Welcome to the 3rd ACM SIGCHI Summer School on Computational Interaction. This year the summer school will be held on the shores of beautiful Lake Lucerne in Switzerland (organized by ETH Zurich).
The summer school takes place 12-17 June 2017 (Monday through Saturday), at the Hotel FloraAlpina, less than one hour from Zurich. Please note that the registration fee includes lodging, tuiton and all meals. This fantastic deal is only possible due to our generous sponsors.
Themes & Topics
As we enter the post-PC era, new technologies emerge and they bring along new challenges that the traditional user-centered design approach is not well equipped to meet. For example, artificial intelligence, wearable computing, augmented and virtual reality, and custom interactive devices enabled by emerging digital fabrication technologies pose increasingly substantial challenges for interaction design. As interfaces become more sophisticated, an exponentially expanding set of design decisions need to be made. Manual approaches can only explore a tiny fraction of the design space.
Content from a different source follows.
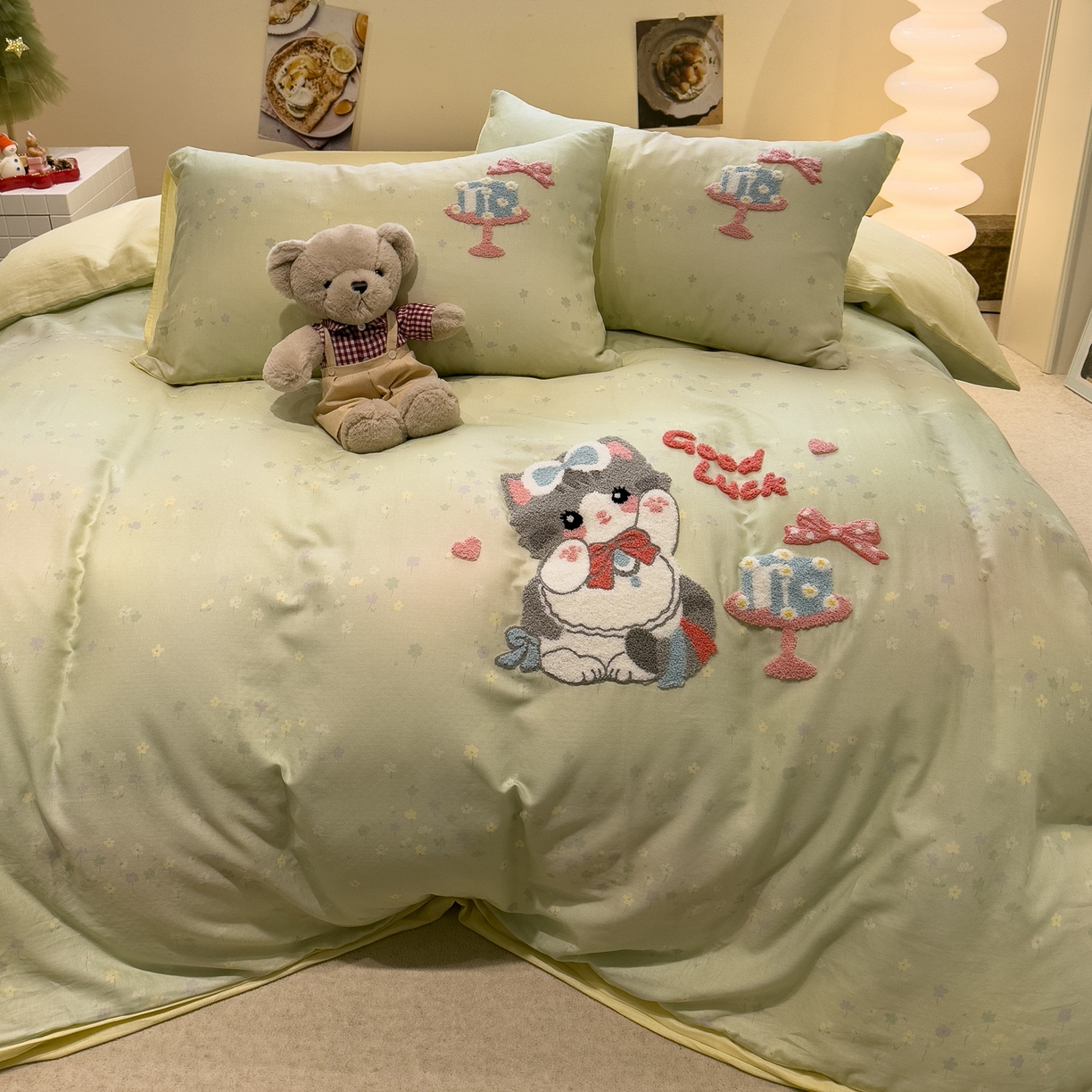 91家纺网 家纺一手货源 找家纺 雅居纺家纺 2026新款全棉双层纱毛巾绣四件套 蛋糕猫咪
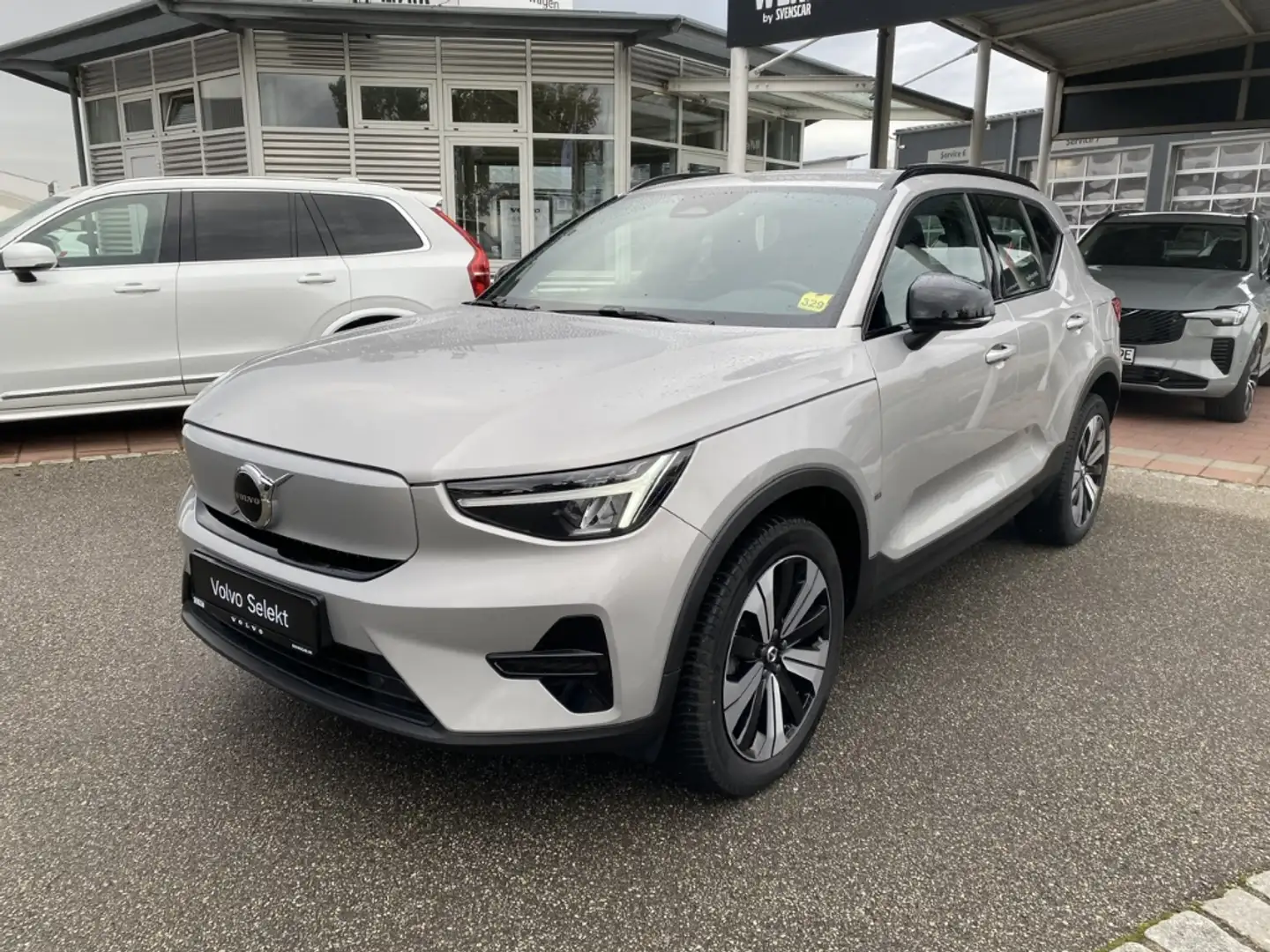 Volvo XC40 Plus Recharge Pure Electric StandHZG AHK Digitales Silber - 2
The scope of problems that can now be solved algorithmically, even on individual PCs, has expanded vastly due to advances in computing power and increased efficiency of numerical solvers. However, computational aspects are rarely taught in the context of HCI. Thus, the goal of the summer school is to teach PhD students and HCI researchers the foundations of computational tools in the context of user interface design and their application in interactive systems.
This encompasses modeling of interaction, deriving and engaging with statistical models of content, automatic learning of preferences and computer-assisted optimization of interfaces. Applied machine learning and appropriate quantitative analysis, suitable for real-time, closed-loop interactions will be key elements of the summer school program.
There will be a strong focus on developing applied skills through practical sessions integrated into the school program, which will give students practical experience in using well-grounded, cutting edge analysis, modeling and inference in engineering interactive systems.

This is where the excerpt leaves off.